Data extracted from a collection
────────

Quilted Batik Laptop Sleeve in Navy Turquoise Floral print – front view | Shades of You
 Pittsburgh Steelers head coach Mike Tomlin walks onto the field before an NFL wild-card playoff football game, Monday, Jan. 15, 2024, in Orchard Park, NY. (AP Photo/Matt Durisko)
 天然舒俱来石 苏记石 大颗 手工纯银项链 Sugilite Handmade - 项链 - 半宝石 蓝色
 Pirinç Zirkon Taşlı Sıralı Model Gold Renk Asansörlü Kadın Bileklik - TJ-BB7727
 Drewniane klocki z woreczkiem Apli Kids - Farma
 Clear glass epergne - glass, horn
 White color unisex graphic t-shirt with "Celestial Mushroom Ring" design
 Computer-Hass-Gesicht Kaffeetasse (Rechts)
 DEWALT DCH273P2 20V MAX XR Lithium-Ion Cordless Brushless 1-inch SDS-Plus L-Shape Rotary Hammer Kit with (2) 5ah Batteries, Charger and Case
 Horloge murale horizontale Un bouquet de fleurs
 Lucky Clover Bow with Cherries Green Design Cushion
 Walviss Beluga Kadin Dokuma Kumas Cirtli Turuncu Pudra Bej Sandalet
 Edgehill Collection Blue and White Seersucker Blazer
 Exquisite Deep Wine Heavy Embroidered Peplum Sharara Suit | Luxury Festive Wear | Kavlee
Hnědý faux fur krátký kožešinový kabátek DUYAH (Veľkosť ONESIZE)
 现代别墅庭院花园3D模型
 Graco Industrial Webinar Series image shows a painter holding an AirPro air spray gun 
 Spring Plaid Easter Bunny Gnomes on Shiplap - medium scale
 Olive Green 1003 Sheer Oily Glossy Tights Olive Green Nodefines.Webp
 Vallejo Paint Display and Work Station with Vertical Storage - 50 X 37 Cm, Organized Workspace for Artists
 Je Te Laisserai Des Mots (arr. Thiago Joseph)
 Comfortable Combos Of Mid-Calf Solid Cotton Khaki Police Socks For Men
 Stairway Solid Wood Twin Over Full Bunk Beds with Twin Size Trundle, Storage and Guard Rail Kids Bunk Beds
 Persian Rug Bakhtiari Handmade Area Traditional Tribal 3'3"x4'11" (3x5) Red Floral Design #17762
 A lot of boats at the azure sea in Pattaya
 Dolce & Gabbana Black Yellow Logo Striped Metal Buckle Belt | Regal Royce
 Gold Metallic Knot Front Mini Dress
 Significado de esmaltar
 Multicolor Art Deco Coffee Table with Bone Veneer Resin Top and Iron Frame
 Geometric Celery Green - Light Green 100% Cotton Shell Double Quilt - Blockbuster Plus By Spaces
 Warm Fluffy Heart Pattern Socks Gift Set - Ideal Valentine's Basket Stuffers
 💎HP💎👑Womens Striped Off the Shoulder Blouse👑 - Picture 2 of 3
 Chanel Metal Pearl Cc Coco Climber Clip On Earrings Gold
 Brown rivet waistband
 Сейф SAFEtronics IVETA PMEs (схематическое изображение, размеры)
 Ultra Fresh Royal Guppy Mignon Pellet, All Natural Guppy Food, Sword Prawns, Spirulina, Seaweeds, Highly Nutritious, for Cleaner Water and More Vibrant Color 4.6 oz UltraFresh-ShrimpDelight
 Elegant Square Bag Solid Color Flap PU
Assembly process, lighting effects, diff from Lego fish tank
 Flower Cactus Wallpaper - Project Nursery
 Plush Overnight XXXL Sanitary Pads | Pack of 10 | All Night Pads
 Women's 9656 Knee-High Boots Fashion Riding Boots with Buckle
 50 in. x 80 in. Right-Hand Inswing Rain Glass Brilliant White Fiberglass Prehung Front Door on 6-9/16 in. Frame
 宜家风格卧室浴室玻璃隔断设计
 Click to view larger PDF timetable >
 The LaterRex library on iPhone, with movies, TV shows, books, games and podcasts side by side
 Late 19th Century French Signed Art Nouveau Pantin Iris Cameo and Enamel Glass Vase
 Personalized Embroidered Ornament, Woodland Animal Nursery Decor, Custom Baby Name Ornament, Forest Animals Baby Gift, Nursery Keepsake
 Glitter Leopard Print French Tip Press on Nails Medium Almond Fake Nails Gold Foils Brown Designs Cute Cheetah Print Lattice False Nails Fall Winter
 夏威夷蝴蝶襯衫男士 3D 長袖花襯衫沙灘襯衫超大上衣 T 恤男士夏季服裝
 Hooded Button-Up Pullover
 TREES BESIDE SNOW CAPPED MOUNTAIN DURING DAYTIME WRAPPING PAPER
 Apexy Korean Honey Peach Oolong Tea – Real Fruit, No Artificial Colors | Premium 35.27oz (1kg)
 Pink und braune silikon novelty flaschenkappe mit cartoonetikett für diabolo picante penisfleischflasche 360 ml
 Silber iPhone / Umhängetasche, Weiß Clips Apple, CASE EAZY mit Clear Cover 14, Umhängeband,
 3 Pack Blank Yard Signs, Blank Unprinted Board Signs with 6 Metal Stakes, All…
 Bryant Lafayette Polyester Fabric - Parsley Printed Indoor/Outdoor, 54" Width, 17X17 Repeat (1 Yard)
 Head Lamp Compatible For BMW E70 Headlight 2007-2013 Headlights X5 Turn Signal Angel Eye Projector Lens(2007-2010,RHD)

────────

### Brief
Tally the lines in the records above that contain the string "Striped" and report only the tally.

### Response to the task
2